Gen. 6:4, "And there were giants in the earth in those days," etc. Pausanias, in his Laconics, mentions the bones of men of a more than ordinary bigness, which were shown in the temple of Esculapius, at the city of Asepus: and in the first of his Eliacks, he speaks of a bone taken out of the sea, which aforetime was kept at Piso, and thought to have been one of Pelops. Philostratus, in the beginning of his Heroicks, informs us that many bodies of giants were discovered in Pallene, by showers of rain and earthquakes. Pliny, b. 7. ch. XVI. says, "That upon the bursting of a mountain in Crete, there was found a body standing upright, which was reported by some to have been the body of Orion, by others, the body of Aetion. Orestes's body, when it was commanded by the oracle to be digged up, is reported to have been seven cubits long. And almost a thousand years ago, the poet Homer continually complained, "that men's bodies were less than of old." And Solinus, chap. I inquires, "Were not all that were born in that age less than their parents?" And the story of Orestes's funeral testifies the bigness of the ancients; whose bones when they were digged up in the 58th Olympiad at Yegea, by the advice of the oracle, are related to have been seven cubits in length. Other writings, which give a credible relation of ancient matters, affirm this, that in the war of Crete, when the rivers had been so high as to overflow and break down their banks, after the flood was abated, upon the clearing of the earth, there was found a human body of three and thirty feet long: which L. Flaccus, the legate, and Metellus himself, being very desirous of seeing, were much surprised to have the satisfaction of seeing what they did not believe when they heart." Grotius de Verit. b. 1. sect. 16. Notes.
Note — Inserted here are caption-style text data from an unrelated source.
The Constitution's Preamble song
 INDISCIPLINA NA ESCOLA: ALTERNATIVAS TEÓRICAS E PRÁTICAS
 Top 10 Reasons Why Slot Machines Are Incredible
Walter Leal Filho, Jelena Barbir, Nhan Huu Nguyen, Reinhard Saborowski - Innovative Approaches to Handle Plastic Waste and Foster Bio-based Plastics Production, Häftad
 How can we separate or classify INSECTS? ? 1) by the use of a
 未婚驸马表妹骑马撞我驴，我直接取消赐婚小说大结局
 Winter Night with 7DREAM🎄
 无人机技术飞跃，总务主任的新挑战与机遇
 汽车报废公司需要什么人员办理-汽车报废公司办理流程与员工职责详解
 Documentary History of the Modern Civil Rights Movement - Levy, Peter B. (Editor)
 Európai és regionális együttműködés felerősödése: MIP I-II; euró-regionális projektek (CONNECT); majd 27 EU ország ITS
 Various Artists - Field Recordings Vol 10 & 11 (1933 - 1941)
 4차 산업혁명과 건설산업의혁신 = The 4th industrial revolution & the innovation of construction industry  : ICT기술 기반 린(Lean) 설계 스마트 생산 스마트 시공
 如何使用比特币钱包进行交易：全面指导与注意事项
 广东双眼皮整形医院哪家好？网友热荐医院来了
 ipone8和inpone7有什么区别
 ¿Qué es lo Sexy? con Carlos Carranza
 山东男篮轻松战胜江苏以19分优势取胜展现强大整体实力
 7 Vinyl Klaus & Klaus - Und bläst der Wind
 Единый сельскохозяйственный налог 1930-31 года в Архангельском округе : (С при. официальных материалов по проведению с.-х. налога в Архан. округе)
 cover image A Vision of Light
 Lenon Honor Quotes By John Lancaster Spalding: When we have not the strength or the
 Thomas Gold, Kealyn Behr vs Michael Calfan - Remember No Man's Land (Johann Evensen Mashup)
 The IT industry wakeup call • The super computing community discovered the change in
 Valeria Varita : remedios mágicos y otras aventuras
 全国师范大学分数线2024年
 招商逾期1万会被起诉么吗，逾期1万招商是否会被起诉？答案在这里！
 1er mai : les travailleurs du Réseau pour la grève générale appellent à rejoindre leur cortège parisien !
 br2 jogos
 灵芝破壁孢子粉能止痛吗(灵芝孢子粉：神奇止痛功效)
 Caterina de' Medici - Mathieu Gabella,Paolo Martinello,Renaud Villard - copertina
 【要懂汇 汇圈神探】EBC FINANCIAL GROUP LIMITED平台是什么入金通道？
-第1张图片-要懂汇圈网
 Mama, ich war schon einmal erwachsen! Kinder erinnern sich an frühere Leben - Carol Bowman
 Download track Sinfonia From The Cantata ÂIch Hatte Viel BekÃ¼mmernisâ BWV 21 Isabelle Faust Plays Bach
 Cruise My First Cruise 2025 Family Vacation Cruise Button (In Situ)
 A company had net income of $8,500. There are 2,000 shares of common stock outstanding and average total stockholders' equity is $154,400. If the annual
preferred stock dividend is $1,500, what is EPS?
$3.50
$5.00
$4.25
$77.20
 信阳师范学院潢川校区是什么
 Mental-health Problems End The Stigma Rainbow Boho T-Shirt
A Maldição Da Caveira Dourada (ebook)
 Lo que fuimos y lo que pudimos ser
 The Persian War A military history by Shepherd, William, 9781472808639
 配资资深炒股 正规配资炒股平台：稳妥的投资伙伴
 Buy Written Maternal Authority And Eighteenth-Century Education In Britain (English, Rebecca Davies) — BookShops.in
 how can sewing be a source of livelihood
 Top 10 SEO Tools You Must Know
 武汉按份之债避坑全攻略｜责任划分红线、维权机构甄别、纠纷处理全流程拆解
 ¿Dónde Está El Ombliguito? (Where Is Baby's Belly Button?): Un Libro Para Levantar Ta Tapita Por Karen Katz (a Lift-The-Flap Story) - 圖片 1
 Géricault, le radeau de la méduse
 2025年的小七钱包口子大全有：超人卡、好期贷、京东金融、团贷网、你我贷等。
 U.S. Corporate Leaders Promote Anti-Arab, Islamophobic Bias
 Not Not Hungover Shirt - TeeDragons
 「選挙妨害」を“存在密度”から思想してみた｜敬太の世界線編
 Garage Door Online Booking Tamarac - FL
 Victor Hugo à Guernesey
Josephus, b. 5. chap. II. of his ancient history: "There remains to this day some of the race of the giants, who by reason of the bulk and figure of their bodies, so different from other men, are wonderful to see or hear of. Their bones are now shown far exceeding the belief of the vulgar." Gabinius, in his history of Mauritania, said that Antaeus's bones were found by Sertorius, which, joined together, were sixty cubits long. Phlegon Trallianus, in his 9th chap. of Wonders, mentions the digging up the head of Ida, which was three times as big as that of an ordinary woman. And he adds also that there were many bodies found in Dalmatia, whose arms exceeded sixteen cubits. And the same man relates out of Theopompus, that there were found in the Cimmerian Bosphorus a company of human bones twenty-four cubits in length. Le Clerc's Notes on Grotius de Veritat. b. 1. sect. 16.
We almost everywhere in the Greek and Latin historians meet with the savage life of the giants mentioned by Moses. In the Greek, as Homer, Iliad 9th, and Hesiod, in his Works and Days. To this may be referred the Wars of the Gods mentioned by Plato in his Second Republic, and those distinct and separate governments taken notice of by the same Plato, in his third book of Laws. And as to the Latin historians, see the first book of Ovid's Metamorphoses, and the fourth book of Lucan, and Seneca's third book of Natural Questions, Quest. 30. where he says concerning the Deluge, "that the beasts also perished, into whose nature men were degenerated." Grotius de Verit. b. 1. sect. 16.